THE TASK:
Without the images, reproduce each line of the material exactly.

STORED DATA:

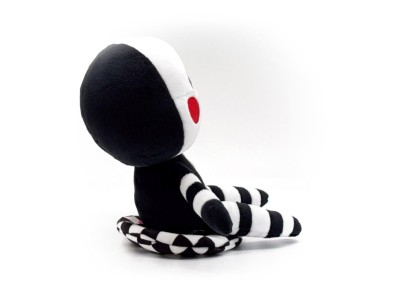 FIVE NIGHTS AT FREDDY'S - Marionette Shoulder - Peluche Youtooz 15cm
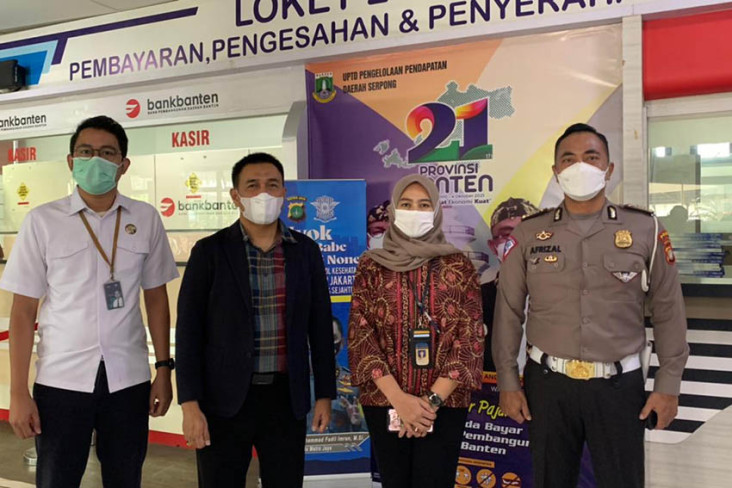 Perkuat Layanan Digital,...
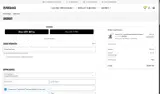hotdiscount coupon verification screenshot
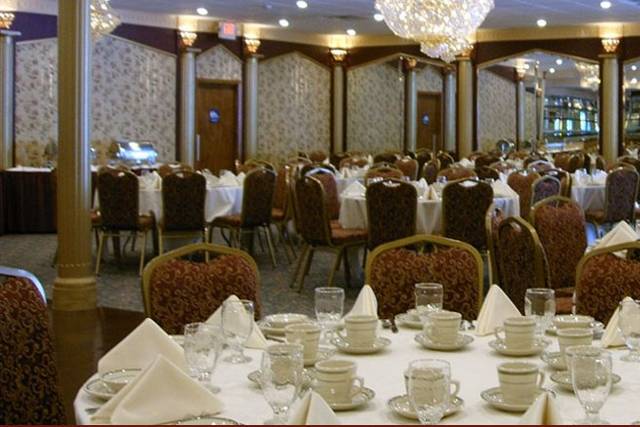 Bombay Banquet and Events Venue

RESPONSE TO THIS TASK:
 FIVE NIGHTS AT FREDDY'S - Marionette Shoulder - Peluche Youtooz 15cm
 Perkuat Layanan Digital,...
hotdiscount coupon verification screenshot
 Bombay Banquet and Events Venue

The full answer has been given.